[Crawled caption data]
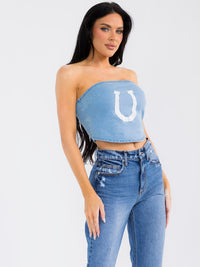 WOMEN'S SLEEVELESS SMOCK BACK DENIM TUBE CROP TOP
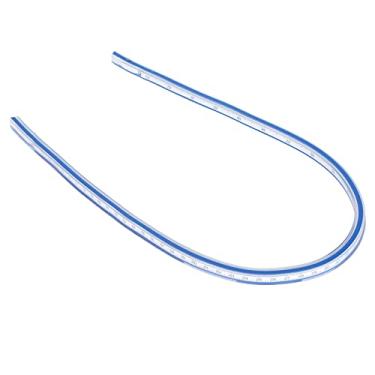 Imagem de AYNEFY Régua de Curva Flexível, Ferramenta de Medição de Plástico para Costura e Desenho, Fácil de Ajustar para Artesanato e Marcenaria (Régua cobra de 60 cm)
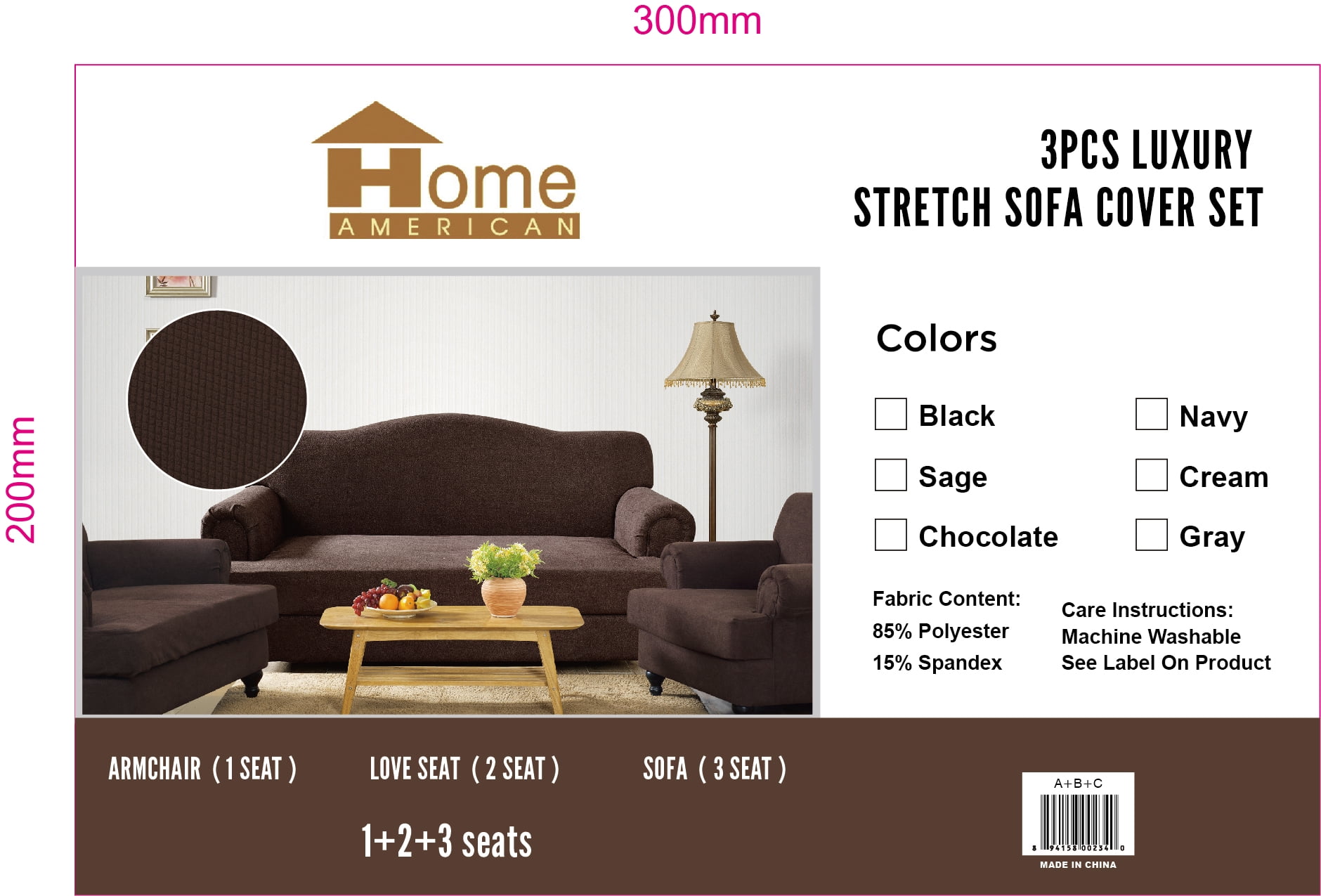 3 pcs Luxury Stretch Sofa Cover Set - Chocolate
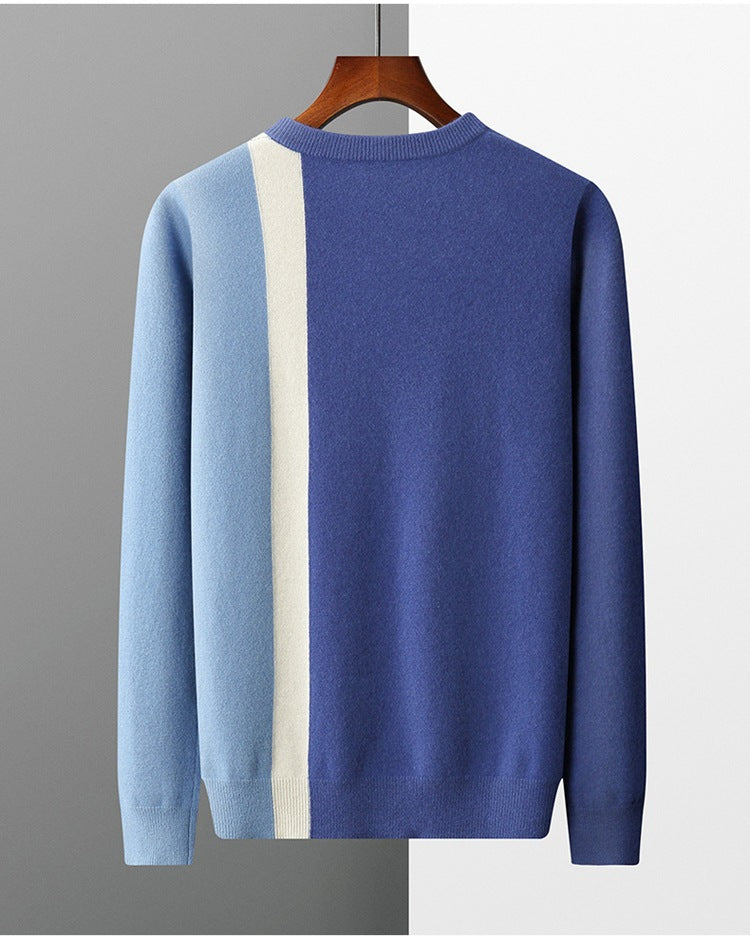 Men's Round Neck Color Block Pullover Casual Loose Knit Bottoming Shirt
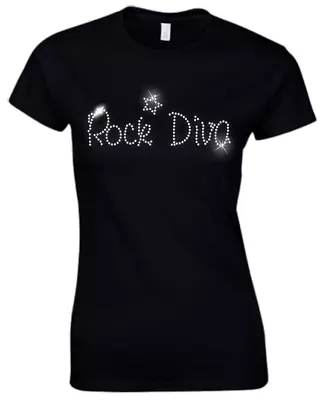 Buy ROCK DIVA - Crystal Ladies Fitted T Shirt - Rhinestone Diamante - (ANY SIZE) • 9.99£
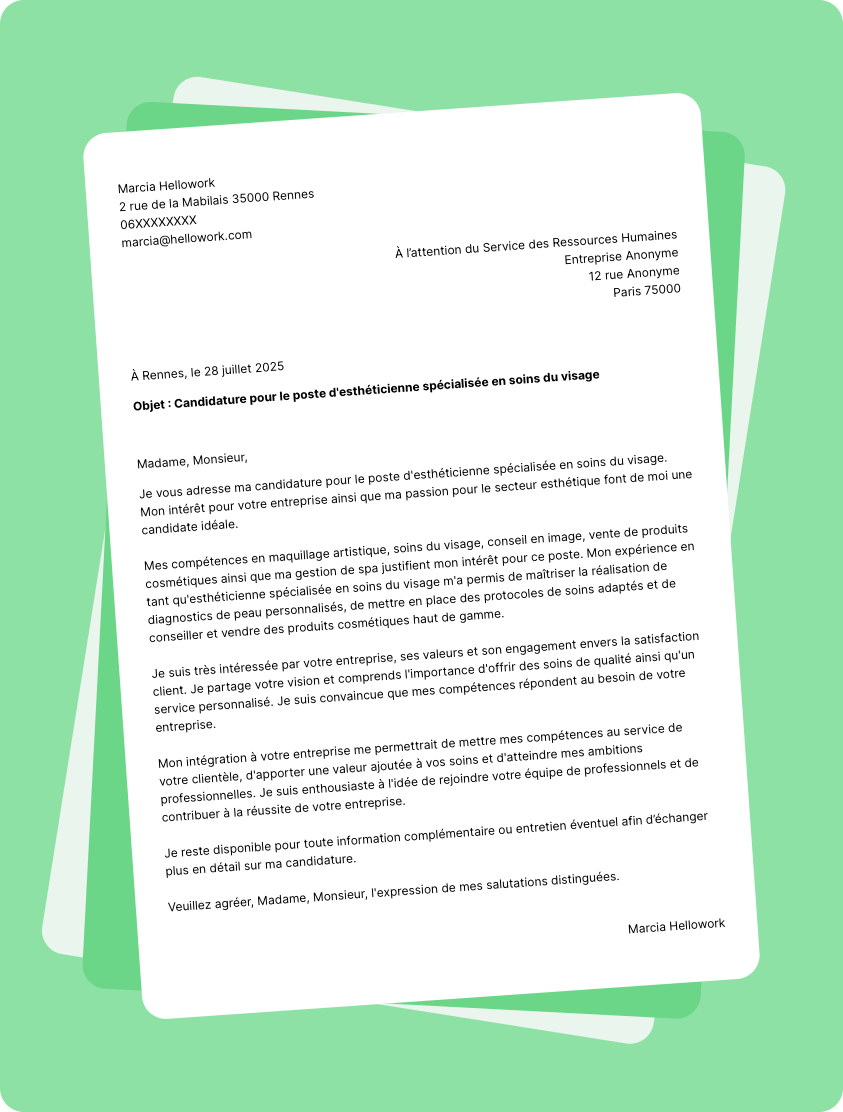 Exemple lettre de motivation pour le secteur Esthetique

● YOUR TASK: Leaving the pictures aside, transcribe exactly the lines from the one containing "Buy ROCK DIVA" to the final line of the entries above, both ends included.

● ANSWER TO THIS TASK:
 Buy ROCK DIVA - Crystal Ladies Fitted T Shirt - Rhinestone Diamante - (ANY SIZE) • 9.99£
 Exemple lettre de motivation pour le secteur Esthetique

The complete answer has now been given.